Зайдешь, бывало, в его келью — пахнет лампадным маслом, одеколоном (он считал одеколон верным лечебным средством от всяких недугов). Много книг… Аскетическая литература: «Добротолюбие» и др. И всегда знаешь, когда к нему можно и когда нельзя. О.Иларион очень просто разрешал этот щепетильный для посетителя вопрос: «Есть ключ (в двери) — докучь, нет ключа — не докучай». Принимал он посетителей охотно, хотя весьма ценил уединение, полагая, что на монаха оно действует благотворно. «Монах всегда из кельи выходит лучше, чем возвращается», — говорил он.
Иногда о. Иларион сам заходил ко мне.
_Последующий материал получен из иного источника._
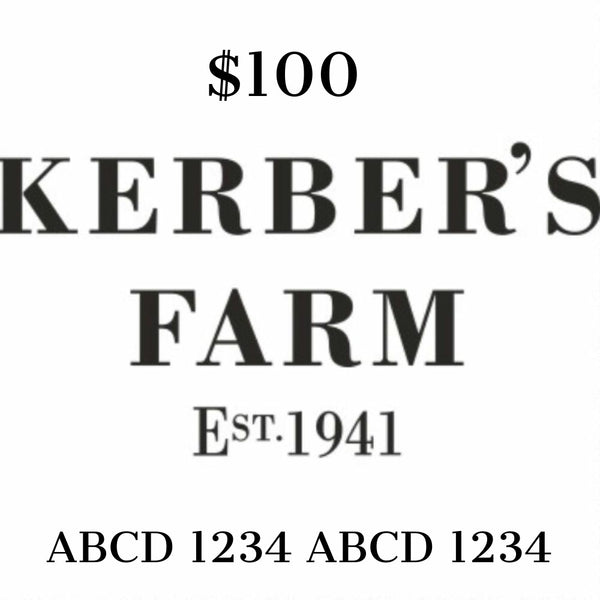 Kerber's Farm School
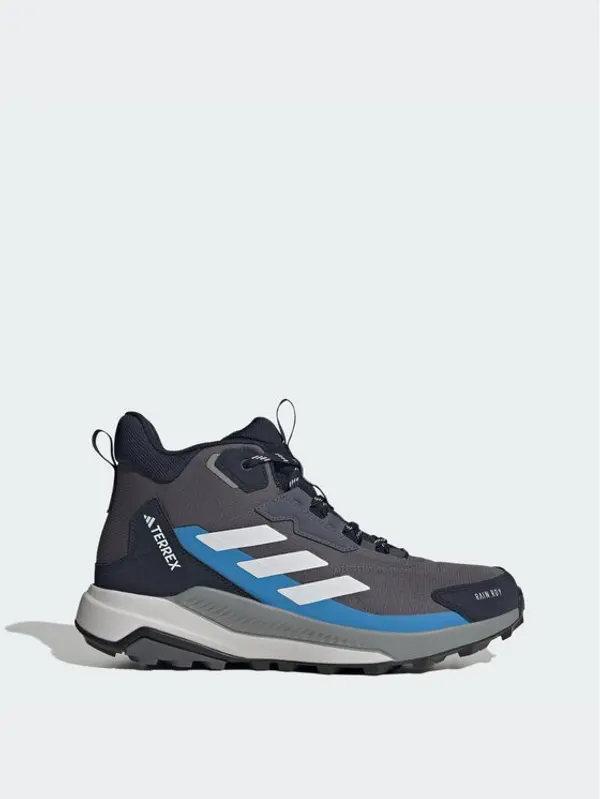 Adidas adidas Trekking Terrex Anylander Mid Rain.Rdy Hiking Shoes JR6593 Siva
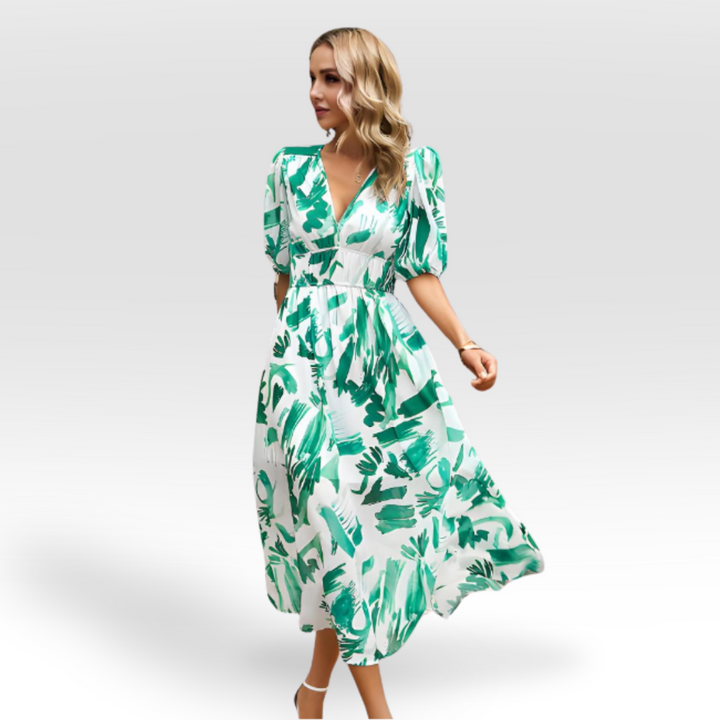 Juliana | Elegant Flattering Dress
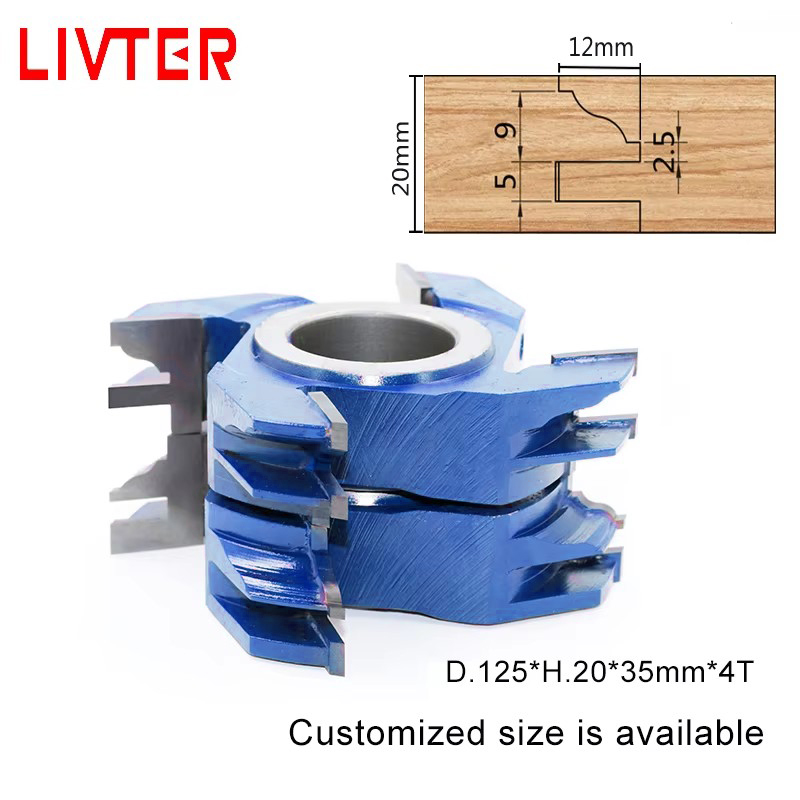 Solid Wood Profile Cutter Head - Engraved Wood Frame review and price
Придет веселый, жизнерадостный: «Ну что? Как дела? Я книжку принес…» Поднимет какой-нибудь богословский спор, ободрит, успокоит, укрепит. Мне это было необходимо.
Переживания мои в те дни — спутанные и смутные состояния. Воспоминания светской жизни ефремовского периода еще были свежи, душе близки, еще манили прелестью… Свобода, беспрепятственное взаимообщение с людьми, образы минувших идеалистических моих мечтаний… — все это от сердца с легкостью не отдерешь. И чем ближе к постригу, тем воспоминания становились ярче. Их пронизывало какое-то особое, острое прощальное чувство: вот это — навсегда… вот этого уже не будет… этого уже нельзя… Припоминалось все, до мелочей. И кусочка мяса больше нельзя. Со стороны это может показаться пустяком, а между тем, если человек к чему-то привык и это стало его житейской потребностью, отказаться от этого ему труднее, чем он предполагает. О.эконом рассказывал мне, как он 10 лет тщетно пытался принять постриг. Жил он белым священником в монастыре в отделении непостриженных, где монашеский пост обязателен не был; стоило ему ощутить запах мясных щей — он вновь постриг откладывал…
Смутное душевное мое состояние сопровождалось тревожным чувством приближения какой-то неизведанности, точно мне предстоит пережить смерть…
Я исповедался о. Илариону за целую жизнь. Он все понимал, делал свои замечания. Я совсем после исповеди успокоился.